**WHAT IS REQUIRED**
Retype the listing found below exactly, but leave out each picture.

**RECORDS TO USE**
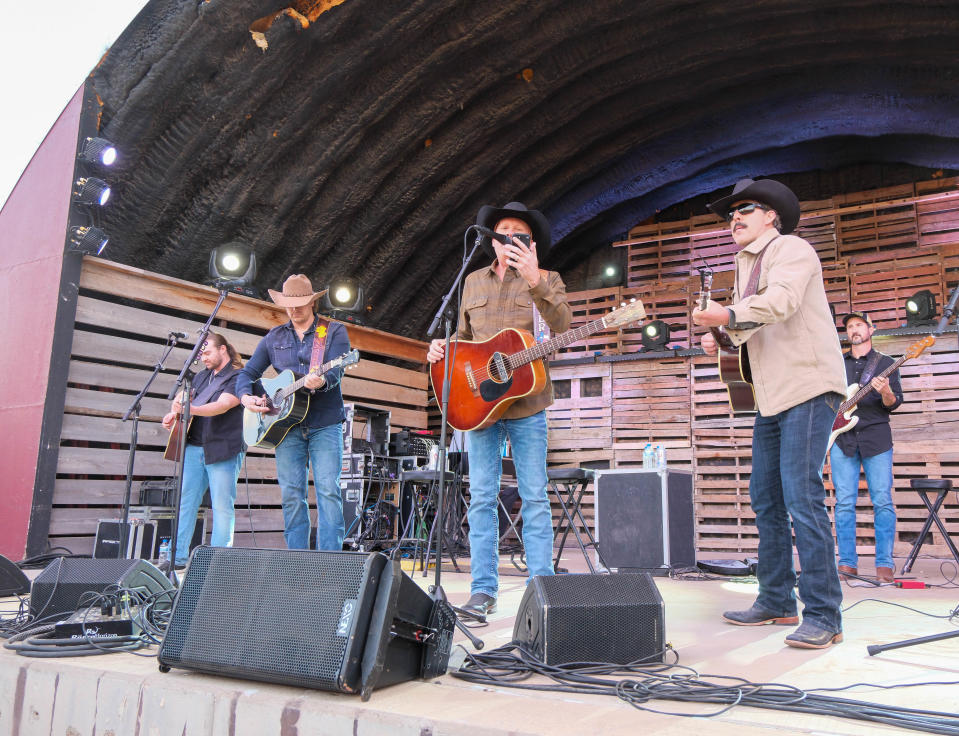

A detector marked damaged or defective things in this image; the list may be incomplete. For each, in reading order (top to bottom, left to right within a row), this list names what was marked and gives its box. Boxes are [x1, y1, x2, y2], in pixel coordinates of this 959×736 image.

burnt wood ceiling [90, 0, 959, 336]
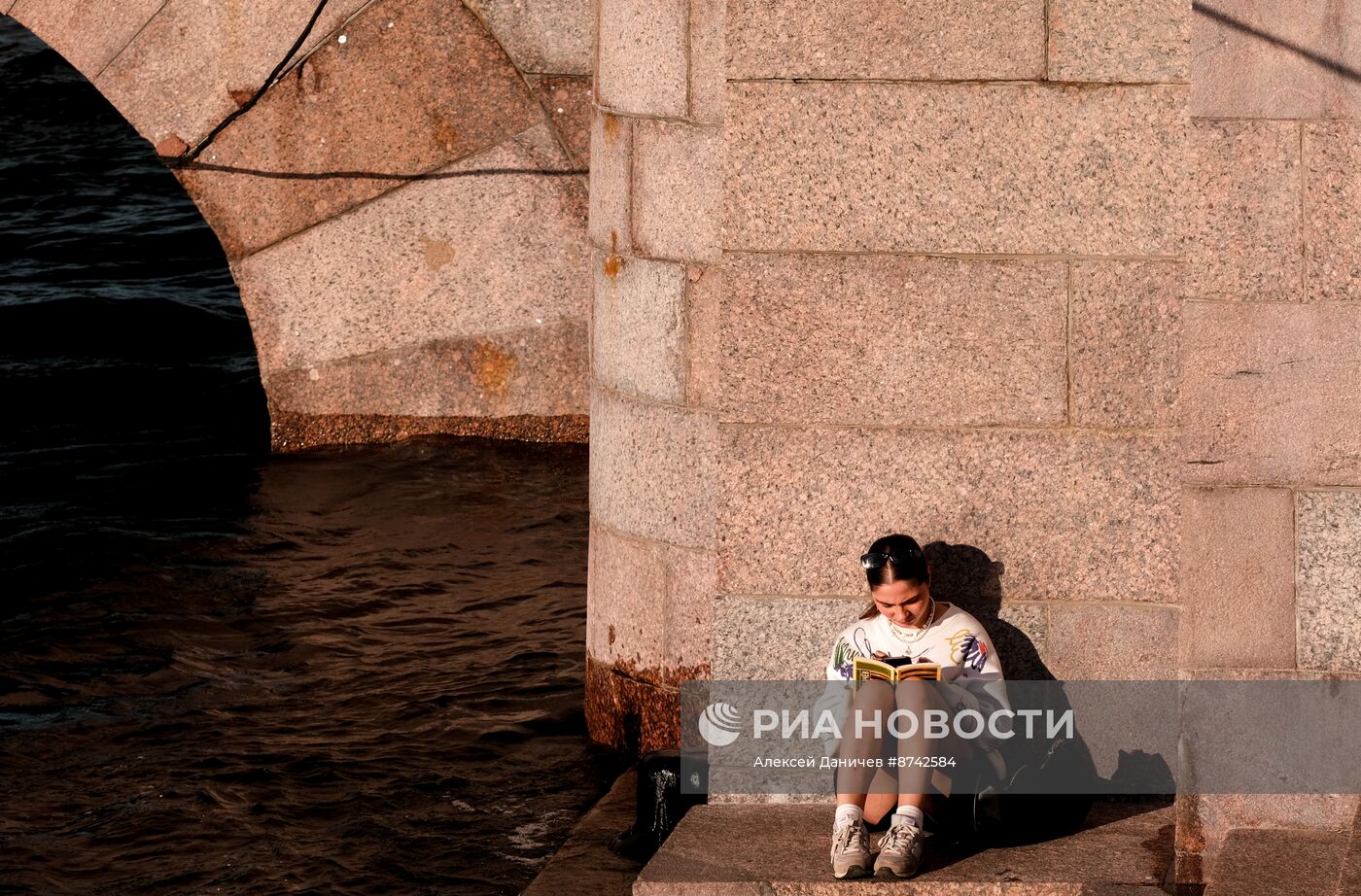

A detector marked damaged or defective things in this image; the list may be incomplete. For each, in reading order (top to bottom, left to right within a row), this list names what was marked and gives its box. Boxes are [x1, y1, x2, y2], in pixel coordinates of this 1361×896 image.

rust stain on stone [416, 235, 454, 270]
rust stain on stone [465, 339, 511, 396]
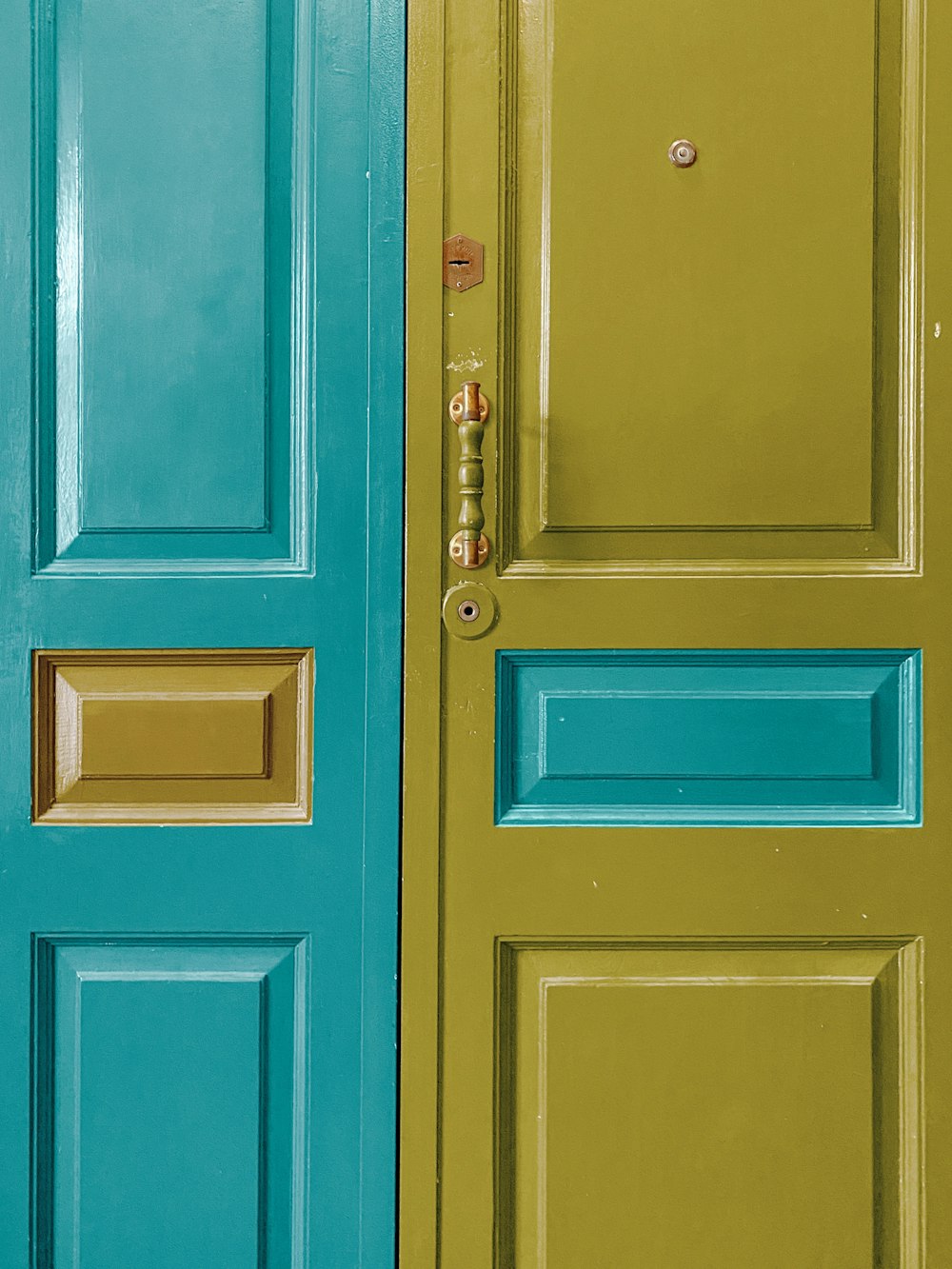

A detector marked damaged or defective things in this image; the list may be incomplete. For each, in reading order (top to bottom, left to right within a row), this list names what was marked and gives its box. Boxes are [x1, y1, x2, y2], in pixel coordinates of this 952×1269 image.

chipped paint spot [449, 349, 487, 372]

**EXERCISE SOLUTION**
A detector marked damaged or defective things in this image; the list may be incomplete. For each, in reading order (top to bottom, left to right within a row), this list names what was marked and gives its box. Boxes are [x1, y1, x2, y2], in pixel coordinates of this 959×736 image.

burnt wood ceiling [90, 0, 959, 336]

A detector marked damaged or defective things in this image; the list may be incomplete. For each, in reading order (top to bottom, left to right within a row), this list names what was marked and gives its box. Boxes are [x1, y1, x2, y2], in pixel coordinates of this 1361×896 image.

rust stain on stone [416, 235, 454, 270]
rust stain on stone [465, 339, 511, 396]

A detector marked damaged or defective things in this image; the list may be incomplete. For each, in reading order (top to bottom, left to right within a row), this list names what was marked and gives its box. Boxes are [x1, y1, x2, y2], in pixel coordinates of this 952×1269 image.

chipped paint spot [449, 349, 487, 372]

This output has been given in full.